Does anyone have any credible sources for the current Nazi influence in Ukraine?
No, but then I wouldn't expect to much credible information on something that largely doesn't exist, and I don't know any credible sources that would unironically use the term 'professional Nazi' either.
Given that the Azov Brigade's primary Nazi-ness was primarily performative, not ideological, and the primary ideological parallel was 'anyone the russians hate who could kill a lot of them had something going for them' rather than 'uber-racist genocidal anti-semetic state-supremacist nationalist with a desire to conquer Europe and colonize the east,' I'm also unclear what you think a 'trained, professional Nazi brigade' entails. Fashion-conscious parades? Cosplay with vigor? Casual drives through the Ardennes?
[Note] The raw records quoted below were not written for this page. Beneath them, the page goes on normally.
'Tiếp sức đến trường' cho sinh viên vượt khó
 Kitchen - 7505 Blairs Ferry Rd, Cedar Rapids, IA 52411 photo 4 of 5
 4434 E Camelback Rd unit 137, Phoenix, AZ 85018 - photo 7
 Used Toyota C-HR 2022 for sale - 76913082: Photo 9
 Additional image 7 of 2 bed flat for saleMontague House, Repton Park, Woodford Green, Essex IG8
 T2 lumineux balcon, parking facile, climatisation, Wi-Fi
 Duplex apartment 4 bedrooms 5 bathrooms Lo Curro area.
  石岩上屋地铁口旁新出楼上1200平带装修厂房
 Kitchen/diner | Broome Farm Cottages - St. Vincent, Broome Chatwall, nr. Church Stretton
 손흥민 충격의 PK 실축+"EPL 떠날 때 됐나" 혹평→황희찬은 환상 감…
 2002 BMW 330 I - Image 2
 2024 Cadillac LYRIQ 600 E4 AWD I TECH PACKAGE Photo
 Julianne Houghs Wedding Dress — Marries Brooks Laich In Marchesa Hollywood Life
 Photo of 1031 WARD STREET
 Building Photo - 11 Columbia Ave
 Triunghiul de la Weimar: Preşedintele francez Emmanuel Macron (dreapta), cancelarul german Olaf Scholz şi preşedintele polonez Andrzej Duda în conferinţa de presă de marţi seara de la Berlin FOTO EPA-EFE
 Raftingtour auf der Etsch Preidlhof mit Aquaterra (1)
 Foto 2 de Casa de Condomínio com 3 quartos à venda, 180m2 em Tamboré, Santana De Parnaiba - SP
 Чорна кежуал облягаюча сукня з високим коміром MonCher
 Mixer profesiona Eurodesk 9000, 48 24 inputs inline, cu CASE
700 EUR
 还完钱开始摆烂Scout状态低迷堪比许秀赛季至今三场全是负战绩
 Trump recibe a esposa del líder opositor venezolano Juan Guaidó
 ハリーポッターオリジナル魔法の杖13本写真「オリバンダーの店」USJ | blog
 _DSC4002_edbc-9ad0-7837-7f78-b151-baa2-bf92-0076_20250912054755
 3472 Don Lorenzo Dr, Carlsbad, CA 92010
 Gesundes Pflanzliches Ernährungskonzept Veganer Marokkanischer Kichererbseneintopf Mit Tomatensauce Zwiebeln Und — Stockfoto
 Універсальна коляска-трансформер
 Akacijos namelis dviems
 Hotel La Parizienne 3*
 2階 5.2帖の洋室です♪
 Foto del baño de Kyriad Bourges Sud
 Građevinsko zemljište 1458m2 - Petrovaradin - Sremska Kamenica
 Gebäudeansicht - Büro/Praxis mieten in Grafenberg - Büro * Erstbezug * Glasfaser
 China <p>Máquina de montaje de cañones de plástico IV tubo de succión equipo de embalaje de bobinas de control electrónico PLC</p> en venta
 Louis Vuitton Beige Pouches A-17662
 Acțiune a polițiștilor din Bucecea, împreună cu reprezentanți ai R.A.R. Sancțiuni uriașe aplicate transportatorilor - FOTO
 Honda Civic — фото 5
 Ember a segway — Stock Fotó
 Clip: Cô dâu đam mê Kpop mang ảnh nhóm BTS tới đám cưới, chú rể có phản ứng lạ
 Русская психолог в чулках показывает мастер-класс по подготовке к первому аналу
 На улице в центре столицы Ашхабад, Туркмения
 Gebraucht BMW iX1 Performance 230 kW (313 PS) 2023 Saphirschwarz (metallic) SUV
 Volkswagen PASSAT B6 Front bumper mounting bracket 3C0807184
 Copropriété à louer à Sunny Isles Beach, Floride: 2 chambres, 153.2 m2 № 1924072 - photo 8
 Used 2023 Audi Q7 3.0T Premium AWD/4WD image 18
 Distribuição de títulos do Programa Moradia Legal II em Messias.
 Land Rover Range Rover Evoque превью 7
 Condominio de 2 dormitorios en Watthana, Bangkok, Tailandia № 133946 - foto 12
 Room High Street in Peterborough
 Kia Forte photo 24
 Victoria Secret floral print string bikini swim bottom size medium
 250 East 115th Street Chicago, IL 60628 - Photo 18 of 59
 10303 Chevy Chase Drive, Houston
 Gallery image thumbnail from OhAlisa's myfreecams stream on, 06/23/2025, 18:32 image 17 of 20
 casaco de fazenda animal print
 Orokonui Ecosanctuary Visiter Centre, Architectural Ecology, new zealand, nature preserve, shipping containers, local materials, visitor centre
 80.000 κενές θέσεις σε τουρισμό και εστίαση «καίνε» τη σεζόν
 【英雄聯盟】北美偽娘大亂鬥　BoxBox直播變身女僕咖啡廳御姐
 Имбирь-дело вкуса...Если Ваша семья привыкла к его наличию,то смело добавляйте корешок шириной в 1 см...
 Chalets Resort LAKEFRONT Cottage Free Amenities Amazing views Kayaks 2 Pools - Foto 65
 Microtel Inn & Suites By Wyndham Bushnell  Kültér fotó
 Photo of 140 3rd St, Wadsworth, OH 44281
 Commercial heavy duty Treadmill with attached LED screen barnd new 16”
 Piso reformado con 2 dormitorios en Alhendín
The neo-nazi accusation is about as old as the Russian incursion into Ukraine, which is to say 2014 and attempted at the Nova Russia uprising that fizzled into the Separatists, and has been the go-to accusation for the Russian propaganda aparatus for a decade now. It's about as well founded as it ever was. The Azovs were Nazis in much the same way that Satanists are worshippers of evil- it was (and to a degree still is) a form of unrepentant defiance by identifying with your hated outgroup's nominal worst fear / hated foe, rather than with what otherwise might be presented as a cultural sibling.
At the end of the day, the Azovs were one of a large number of private and oligarch-sponsored militias groups that rose during the chaos of Russia's attempted nova russia uprising. They weren't particularly nazi, unless you conflate all right-wing politics with nazi, and the only thing particularly notable about them aside from their wearing accusations like a badge of honor was a relatively high valor and willingness to keep fighting, which is why they were notably effective, and one of the reasons the Russians have fixated on them in particular.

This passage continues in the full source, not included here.